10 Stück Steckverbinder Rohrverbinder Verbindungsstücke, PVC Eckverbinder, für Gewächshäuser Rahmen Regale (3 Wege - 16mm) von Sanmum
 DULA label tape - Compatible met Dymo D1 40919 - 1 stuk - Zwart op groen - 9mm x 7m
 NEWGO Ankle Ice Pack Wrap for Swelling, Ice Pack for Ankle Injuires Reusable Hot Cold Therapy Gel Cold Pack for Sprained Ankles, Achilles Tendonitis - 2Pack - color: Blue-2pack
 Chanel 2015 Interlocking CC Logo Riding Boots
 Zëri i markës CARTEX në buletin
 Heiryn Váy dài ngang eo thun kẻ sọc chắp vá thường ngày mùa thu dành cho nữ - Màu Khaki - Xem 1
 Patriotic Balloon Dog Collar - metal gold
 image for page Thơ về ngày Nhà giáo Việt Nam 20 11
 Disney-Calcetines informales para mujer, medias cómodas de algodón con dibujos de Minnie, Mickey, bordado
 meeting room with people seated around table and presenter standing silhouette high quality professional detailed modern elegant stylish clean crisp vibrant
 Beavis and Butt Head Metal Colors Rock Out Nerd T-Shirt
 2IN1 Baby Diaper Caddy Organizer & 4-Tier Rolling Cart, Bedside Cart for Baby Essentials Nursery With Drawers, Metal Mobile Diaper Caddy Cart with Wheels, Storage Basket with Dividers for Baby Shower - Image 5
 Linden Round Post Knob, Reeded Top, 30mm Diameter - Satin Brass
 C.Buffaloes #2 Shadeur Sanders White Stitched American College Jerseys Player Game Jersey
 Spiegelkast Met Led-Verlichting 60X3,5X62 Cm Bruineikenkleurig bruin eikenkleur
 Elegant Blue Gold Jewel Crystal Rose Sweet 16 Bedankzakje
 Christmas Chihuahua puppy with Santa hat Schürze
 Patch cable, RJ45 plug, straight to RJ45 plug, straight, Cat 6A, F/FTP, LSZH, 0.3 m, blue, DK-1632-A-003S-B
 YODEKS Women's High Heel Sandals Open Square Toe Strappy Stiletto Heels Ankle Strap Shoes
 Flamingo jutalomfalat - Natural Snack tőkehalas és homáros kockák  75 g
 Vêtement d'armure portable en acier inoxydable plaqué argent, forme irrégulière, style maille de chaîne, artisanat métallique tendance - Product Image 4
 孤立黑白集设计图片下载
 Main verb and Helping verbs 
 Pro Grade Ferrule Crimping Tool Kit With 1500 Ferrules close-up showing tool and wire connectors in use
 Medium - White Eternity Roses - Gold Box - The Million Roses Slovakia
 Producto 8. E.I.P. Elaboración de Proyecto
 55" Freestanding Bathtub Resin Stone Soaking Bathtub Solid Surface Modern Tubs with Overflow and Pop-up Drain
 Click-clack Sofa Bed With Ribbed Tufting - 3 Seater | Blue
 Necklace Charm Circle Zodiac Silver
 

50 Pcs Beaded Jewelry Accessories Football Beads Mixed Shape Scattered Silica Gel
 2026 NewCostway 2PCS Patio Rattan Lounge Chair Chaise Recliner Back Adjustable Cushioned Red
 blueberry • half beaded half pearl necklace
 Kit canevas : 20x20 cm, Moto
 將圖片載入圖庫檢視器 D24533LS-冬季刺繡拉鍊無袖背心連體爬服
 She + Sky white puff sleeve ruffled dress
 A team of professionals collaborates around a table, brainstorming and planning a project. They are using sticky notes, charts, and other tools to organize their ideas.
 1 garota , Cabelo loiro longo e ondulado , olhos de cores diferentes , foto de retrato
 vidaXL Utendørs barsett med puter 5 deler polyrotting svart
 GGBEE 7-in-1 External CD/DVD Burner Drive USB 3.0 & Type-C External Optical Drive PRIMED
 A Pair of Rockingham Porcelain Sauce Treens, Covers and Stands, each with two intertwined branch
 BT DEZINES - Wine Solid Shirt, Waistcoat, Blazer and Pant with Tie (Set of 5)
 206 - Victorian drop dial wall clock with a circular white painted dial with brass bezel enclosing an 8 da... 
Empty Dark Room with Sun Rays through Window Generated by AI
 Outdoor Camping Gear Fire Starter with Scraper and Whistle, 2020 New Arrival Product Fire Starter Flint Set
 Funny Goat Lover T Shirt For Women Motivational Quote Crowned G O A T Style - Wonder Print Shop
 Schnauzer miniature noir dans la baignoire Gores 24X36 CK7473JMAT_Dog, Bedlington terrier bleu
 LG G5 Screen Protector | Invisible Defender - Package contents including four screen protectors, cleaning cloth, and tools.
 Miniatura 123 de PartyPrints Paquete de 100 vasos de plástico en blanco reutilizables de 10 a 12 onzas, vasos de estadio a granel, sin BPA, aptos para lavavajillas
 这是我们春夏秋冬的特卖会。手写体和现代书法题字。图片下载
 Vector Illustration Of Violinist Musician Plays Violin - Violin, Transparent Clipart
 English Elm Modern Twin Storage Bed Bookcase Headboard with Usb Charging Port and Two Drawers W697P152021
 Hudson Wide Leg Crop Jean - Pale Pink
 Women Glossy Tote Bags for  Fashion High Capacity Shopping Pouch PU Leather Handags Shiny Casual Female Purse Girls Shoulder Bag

******

• [Task item] Going through the material above, work out how many lines contain the string "para" and give only that figure.

• [Exercise response] 2